Villanelle designer unveils dresses to die for

Molly Goddard hit the bullseye when the Killing Eve character wore her creations. Her London Fashion Week show displays her talent

Molly Goddard is perhaps the first designer in fashion history to find fame by dressing a psychopath. The frothy, bubblegum-pink dress that became synonymous with the character of Villanelle, played by Jodie Comer in Killing Eve, rocketed Goddard from the ranks of promising young British design talent to become a major fashion player.

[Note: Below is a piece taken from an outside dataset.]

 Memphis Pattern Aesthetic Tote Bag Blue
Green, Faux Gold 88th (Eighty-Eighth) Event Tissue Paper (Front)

Villanelle struck again at London fashion week on Saturday. Goddard’s 10th collection, shown to a packed house in an art deco leisure centre in central London, gave the fashion crowd more of the voluminous, highlighter-bright dresses which Goddard has made into a phenomenon, and closed with model Edie Campbell wearing a billowing taffeta fuchsia cloud-gown. This season’s Molly Goddard woman is, as always, uninhibited and overdressed. She wears smocked tulle, puffball taffeta or ribbon-gathered calico. With its jelly baby palette and off-kilter silhouette, the look is a riot of deliberately mixed messages. Think Comme des Garcons’ Japanese avant-garde chic crossed with Bonpoint’s deliciously French upscale childrenswear.

But this collection also showed how Goddard has evolved. It was less madcap, more sophisticated. A more understated customer who would never wear pink tulle will be seduced by the softly ruched coats and dresses in muted caramel and matt calico, and textured knitwear with subtle cutout detailing.

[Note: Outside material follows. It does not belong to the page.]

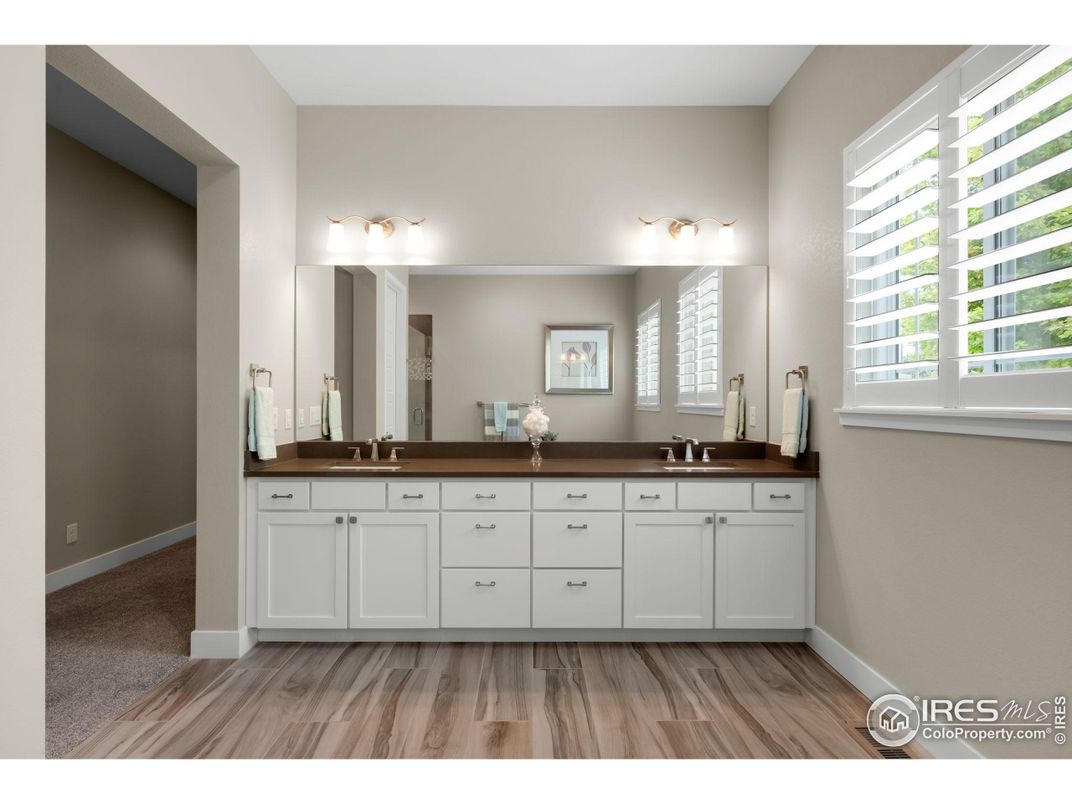 Bathroom, Dual Sink Vanities, Interior, Wood Texture Flooring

Goddard sitting with bare forearms on table, gazing at camera
Molly Goddard says she is not interested in ‘trendy’, only making clothes that last forever. Photograph: PR

The 30-year-old designer, winner of last year’s BFC/Vogue Designer Fashion Fund and an LVMH prize finalist in 2017, said before the show that the collection was about “looking back at things I’ve done before and really, really loved, and working out how I can do them even better. I’m not interested in trendy. I only want to make things that you will keep for ever. We worked a lot on pattern cutting, to figure out how to make as much volume as possible.” In direct contrast to traditional eveningwear construction, where boning and padding is hidden beneath the surface, Goddard’s dresses hold their own with no hidden shape. Goddard likes the “directness” of this, as well as that it makes the clothes “super comfy”.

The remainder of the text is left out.